Work task: In the listing below, transcribe the line that contains "Riana | Denim" and all lines following it, ending with the last line. Add nothing.

Available data:
◇ ◇ ◇ ◇ ◇

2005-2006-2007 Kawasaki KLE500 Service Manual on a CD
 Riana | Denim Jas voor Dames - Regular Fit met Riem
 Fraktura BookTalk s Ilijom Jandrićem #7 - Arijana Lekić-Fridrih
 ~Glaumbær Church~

◇ ◇ ◇ ◇ ◇

Solution:
 Riana | Denim Jas voor Dames - Regular Fit met Riem
 Fraktura BookTalk s Ilijom Jandrićem #7 - Arijana Lekić-Fridrih
 ~Glaumbær Church~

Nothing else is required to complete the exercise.